REQUIRED WORK: Take each line below that has "Wall" and copy it.

ENTRIES PROVIDED:
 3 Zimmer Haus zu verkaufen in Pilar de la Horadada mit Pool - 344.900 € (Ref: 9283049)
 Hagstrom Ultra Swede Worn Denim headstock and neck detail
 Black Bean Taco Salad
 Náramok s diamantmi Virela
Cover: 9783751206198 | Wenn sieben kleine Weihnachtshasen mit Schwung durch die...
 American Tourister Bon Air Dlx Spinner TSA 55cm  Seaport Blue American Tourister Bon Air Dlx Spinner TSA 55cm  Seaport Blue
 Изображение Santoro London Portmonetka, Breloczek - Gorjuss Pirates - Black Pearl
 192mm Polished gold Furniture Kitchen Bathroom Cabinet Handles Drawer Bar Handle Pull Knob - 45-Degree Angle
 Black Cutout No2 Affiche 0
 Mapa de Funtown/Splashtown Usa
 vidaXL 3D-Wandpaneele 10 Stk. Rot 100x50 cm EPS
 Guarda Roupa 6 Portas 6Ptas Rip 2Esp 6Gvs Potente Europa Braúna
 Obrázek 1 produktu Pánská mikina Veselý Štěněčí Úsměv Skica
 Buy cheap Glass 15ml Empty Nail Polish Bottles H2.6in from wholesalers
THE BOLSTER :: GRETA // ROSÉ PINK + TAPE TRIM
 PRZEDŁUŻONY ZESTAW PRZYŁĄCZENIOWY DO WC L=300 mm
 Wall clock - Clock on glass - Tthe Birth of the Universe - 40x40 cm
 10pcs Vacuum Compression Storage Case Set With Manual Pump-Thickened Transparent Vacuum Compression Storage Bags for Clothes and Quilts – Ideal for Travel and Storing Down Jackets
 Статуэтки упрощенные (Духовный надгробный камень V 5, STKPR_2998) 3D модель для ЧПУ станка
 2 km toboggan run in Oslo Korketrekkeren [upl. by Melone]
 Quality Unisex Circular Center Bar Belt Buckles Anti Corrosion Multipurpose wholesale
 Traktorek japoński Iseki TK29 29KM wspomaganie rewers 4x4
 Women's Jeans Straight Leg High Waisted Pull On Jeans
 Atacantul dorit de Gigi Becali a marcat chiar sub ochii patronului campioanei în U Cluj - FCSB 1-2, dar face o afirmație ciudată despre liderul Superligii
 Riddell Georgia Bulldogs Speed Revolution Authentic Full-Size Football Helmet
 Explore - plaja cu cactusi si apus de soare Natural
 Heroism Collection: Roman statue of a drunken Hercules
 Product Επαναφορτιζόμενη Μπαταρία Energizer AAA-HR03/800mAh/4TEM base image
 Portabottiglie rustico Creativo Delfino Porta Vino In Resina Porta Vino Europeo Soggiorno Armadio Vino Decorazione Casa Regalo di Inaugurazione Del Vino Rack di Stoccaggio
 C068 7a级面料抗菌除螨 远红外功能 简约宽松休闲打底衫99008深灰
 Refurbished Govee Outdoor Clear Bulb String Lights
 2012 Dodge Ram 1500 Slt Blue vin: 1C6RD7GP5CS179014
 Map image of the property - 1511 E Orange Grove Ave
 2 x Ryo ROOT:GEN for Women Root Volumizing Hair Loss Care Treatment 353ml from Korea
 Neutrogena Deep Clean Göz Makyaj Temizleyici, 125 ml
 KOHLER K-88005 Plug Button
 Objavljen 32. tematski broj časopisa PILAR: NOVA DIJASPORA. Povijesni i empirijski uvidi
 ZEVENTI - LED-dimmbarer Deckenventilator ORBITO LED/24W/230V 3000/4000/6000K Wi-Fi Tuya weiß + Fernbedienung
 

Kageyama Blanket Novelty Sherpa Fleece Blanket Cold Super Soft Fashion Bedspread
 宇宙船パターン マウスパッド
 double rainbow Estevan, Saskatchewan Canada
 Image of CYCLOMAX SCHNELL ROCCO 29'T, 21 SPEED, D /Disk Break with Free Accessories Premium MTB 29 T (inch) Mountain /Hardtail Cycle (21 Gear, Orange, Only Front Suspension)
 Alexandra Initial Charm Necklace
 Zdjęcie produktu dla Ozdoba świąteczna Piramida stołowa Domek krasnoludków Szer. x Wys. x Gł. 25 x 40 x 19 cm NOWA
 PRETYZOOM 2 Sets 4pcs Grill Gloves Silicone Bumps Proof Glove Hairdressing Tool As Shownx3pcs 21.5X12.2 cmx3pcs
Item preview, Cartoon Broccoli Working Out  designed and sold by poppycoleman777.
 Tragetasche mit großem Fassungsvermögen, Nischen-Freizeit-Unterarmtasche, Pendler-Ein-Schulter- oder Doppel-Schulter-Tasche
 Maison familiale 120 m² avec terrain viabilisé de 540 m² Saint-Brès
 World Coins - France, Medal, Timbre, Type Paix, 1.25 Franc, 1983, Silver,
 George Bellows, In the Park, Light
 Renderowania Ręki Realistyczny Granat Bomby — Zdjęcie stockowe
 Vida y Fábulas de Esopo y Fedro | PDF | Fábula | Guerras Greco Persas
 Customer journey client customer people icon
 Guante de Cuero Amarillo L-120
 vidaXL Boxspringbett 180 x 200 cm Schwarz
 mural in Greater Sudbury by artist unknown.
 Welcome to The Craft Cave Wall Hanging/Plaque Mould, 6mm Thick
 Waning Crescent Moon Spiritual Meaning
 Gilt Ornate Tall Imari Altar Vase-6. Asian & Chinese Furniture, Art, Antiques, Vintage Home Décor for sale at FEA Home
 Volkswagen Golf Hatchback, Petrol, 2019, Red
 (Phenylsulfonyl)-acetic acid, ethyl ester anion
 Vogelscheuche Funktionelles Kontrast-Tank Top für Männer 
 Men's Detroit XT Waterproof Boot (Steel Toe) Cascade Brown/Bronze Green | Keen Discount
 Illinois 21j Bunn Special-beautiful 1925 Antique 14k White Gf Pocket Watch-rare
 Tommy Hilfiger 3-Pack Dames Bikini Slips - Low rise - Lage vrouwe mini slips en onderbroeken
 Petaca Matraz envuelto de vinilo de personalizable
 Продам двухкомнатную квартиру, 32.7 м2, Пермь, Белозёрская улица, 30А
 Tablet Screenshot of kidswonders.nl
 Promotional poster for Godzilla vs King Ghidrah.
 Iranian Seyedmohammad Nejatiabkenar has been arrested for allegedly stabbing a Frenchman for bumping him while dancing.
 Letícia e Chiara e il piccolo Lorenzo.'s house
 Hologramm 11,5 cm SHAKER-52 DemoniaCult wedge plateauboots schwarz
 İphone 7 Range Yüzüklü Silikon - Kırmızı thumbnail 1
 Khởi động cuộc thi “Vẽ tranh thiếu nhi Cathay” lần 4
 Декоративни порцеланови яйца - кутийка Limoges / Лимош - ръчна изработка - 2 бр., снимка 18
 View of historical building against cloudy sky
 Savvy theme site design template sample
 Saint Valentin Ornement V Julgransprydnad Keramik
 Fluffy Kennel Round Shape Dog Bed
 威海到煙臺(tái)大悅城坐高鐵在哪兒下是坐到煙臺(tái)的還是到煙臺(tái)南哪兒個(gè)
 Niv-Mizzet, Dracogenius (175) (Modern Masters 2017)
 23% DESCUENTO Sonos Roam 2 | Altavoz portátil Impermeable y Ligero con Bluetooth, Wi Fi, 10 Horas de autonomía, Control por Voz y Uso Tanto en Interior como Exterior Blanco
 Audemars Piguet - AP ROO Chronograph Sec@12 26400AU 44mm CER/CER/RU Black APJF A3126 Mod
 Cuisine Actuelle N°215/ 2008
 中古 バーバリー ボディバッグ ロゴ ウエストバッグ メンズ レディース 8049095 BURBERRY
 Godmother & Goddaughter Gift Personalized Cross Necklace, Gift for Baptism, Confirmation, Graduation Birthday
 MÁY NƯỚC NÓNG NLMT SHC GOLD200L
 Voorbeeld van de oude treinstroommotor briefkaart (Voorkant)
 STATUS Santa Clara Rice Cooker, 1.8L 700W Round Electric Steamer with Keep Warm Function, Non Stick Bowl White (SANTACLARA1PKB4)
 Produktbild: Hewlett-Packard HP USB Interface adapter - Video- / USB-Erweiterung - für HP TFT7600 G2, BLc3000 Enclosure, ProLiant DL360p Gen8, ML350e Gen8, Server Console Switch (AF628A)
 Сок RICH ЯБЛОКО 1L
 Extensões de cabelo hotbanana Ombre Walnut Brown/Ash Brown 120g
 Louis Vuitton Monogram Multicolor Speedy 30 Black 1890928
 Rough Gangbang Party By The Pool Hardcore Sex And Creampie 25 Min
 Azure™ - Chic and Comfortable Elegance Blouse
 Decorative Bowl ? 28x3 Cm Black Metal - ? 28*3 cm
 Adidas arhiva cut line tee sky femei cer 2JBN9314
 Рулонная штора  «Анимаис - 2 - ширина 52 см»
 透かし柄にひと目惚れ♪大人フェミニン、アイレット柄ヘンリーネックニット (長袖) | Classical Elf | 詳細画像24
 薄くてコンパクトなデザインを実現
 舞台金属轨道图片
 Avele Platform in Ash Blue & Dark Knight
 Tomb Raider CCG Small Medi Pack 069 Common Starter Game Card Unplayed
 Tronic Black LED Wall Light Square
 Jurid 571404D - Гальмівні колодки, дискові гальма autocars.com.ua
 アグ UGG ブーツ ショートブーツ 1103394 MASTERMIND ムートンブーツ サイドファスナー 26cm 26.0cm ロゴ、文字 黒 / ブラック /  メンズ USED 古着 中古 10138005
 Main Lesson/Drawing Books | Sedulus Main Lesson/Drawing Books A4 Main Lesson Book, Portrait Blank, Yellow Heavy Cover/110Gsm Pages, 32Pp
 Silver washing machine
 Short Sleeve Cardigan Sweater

EXERCISE SOLUTION:
 Wall clock - Clock on glass - Tthe Birth of the Universe - 40x40 cm
 Welcome to The Craft Cave Wall Hanging/Plaque Mould, 6mm Thick
 Tronic Black LED Wall Light Square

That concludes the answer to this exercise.